Andrew Pam, Xanadu Australia, P.O. Box 477 Blackburn VIC 3130
Email avatar@aus.xanadu.com
URL: http://www.glasswings.com.au/attendants.html
Abstract:
We are all aware by now of the phenomenal success of the WWW. In this paper I would instead like to examine some of the limitations inherent in the current WWW design and implementations and some possible solutions.
Keywords:
Docuverse Hyper-G Hypermedia Information Systems Transclusion Web WWW Xanadu

Contents

Introduction

Everyone's opinions are a product of their experiences, so I would like to start by explaining a little bit about my background in the field of hypermedia. The words "hypertext" and "hypermedia" were coined by my friend Ted Nelson in a paper to the ACM 20th national conference in 1965, before I was even born! Although I had come across occasional articles Ted had written for Creative Computing magazine, my first exposure to his legendary Xanadu project did not occur until 1987 when I purchased the Microsoft Press second edition of his classic book Computer Lib / Dream Machines [Nel87], which outlined his idea of a "docuverse" or universal library of multimedia documents.

As an avid science fiction reader, my imagination had already been captured by this idea of a universally accessible computer storage and retrieval system as presented in the 1975 novel Imperial Earth by Arthur C. Clarke [Cla75]. But here was someone actually involved in trying to create such a system. I immediately sent off a US$100 donation to Project Xanadu to reserve a Xanadu account name, and also purchased the 1988 edition of Ted's self-published book Literary Machines [Nel88] and the Technical Overview video describing the Xanadu project in detail.

At this time I was already heavily involved in online communications, both professionally (designing and implementing a communications protocol for caravan park bookings across Australia, and later integrating it with the CICS mainframe-based booking system at the RACV) and personally, running a computer bulletin board system which eventually grew to a network of bulletin boards spanning New South Wales, Victoria and South Australia.

In 1989 I met Katherine Phelps, my partner, who incidentally is also giving a paper at this conference. She is a writer and publisher and I suppose it was inevitable that we should combine our interests and go into online publishing. After publishing traditional paper books and a lack of success convincing banks of the prospects of a magazine on floppy disks, we decided to try publishing on the Internet instead.

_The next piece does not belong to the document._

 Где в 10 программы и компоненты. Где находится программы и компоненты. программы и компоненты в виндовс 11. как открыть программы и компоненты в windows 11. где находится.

Although we were on the Xanadu beta team, the software was in the process of a complete rewrite commenced in 1988 and was not at a usable stage. Our intention was always to upgrade to Xanalogical (Xanadu-capable) software, but we decided to start with Gopher and World Wide Web (which, with the advent of Mosaic, had just started to become popular). Tim Berners-Lee had actually been aware of the Xanadu ideas in the design of WWW, and he had incorporated Ted's basic 1965 concept of hyperlinks, though not the later refinements. Autodesk were funding the Xanadu research project during this period but in 1993 I heard the news that they had dropped all of their research projects not directly connected with their core business of Computer Aided Design. I immediately contacted Ted and made arrangements to visit him in San Francisco.

As a consequence of those meetings Katherine and I officially became Xanadu Australia, the first licensees of the Xanadu technology. We organised Ted's speaking tour of Melbourne and Sydney in early 1994 and then began organising the necessary support and facilities to set up our own research and commercial online publishing ventures.

In addition to my original computer programming and consultancy business under the name of Serious Cybernetics, I am presently also a partner in Glass Wings and in Xanadu Australia and a system administrator for CinEmedia, a project of the State Film Centre of Victoria which houses the new SFCV / RMIT Annexe where Katherine is presently undertaking her PhD in Animation and Interactive Multimedia.

I have spent the last few years examining as many Internet resource discovery, information delivery and computer-mediated communication applications as possible on as many platforms as possible, with particular interest in Hyper-G, a hypermedia system from the Graz University of Technology which is directly inspired by Ted's vision as expressed in Literary Machines.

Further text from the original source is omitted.